[TASK OBJECTIVE]
Return the listing below unchanged, but without pictures.

[MATERIAL PROVIDED]
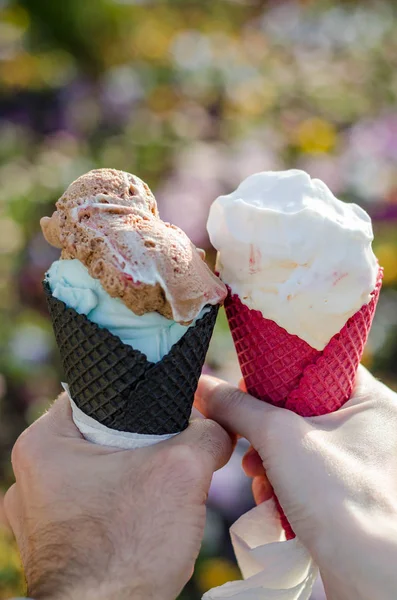 hands with ice cream cones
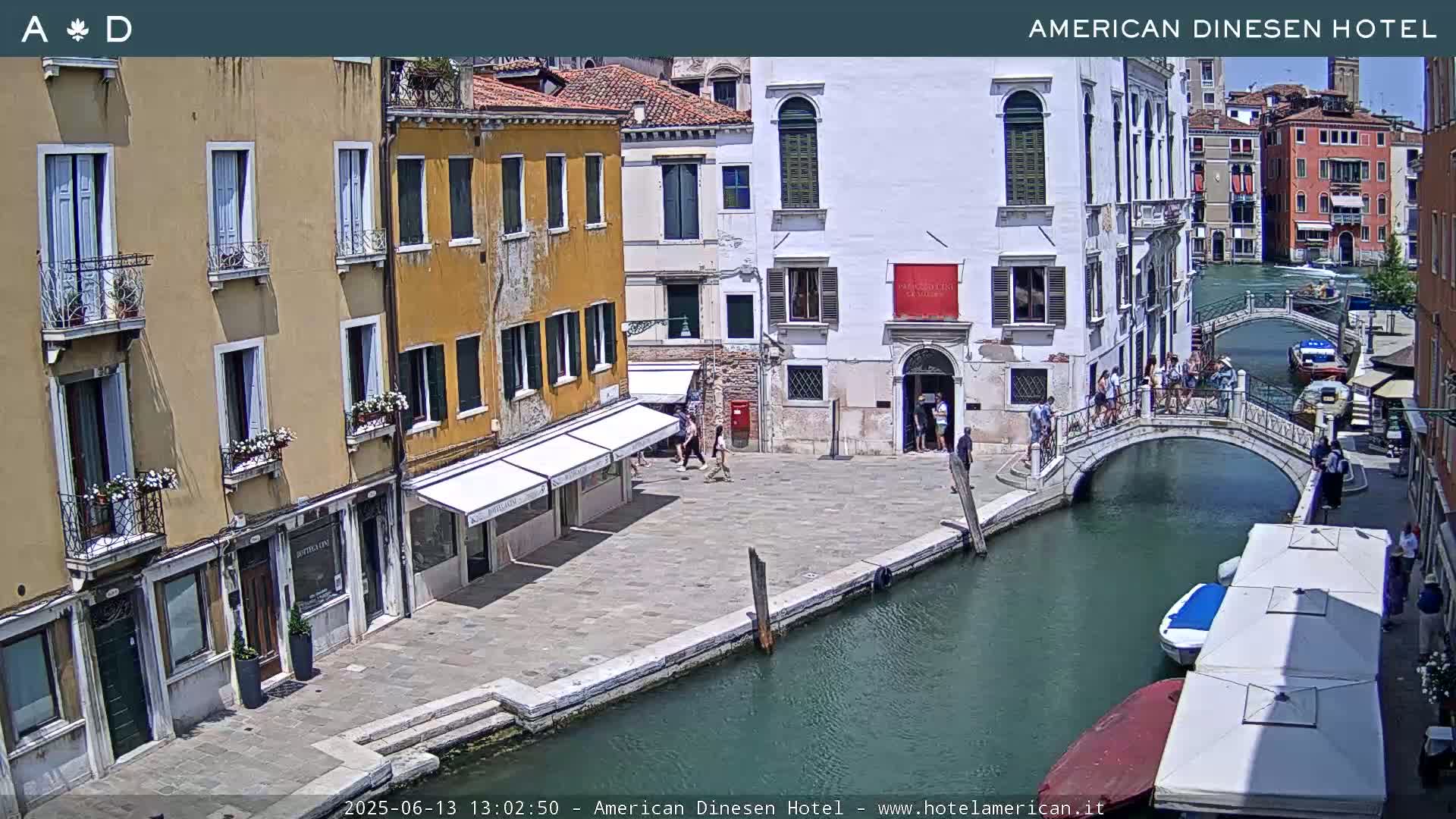 A sunny Venetian canal scene shows several buildings, a footbridge with people on it, and several boats moored along the canal's edge.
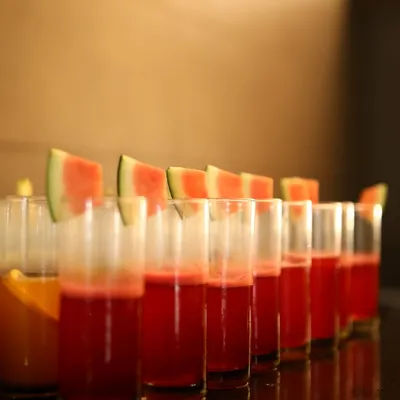 A refreshing start or a sweet interlude. These glasses of fresh watermelon juice, neatly lined up and garnished with fruit slices, are a simple yet elegant beverage option for any event.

[TASK ANSWER]
 hands with ice cream cones
 A sunny Venetian canal scene shows several buildings, a footbridge with people on it, and several boats moored along the canal's edge.
 A refreshing start or a sweet interlude. These glasses of fresh watermelon juice, neatly lined up and garnished with fruit slices, are a simple yet elegant beverage option for any event.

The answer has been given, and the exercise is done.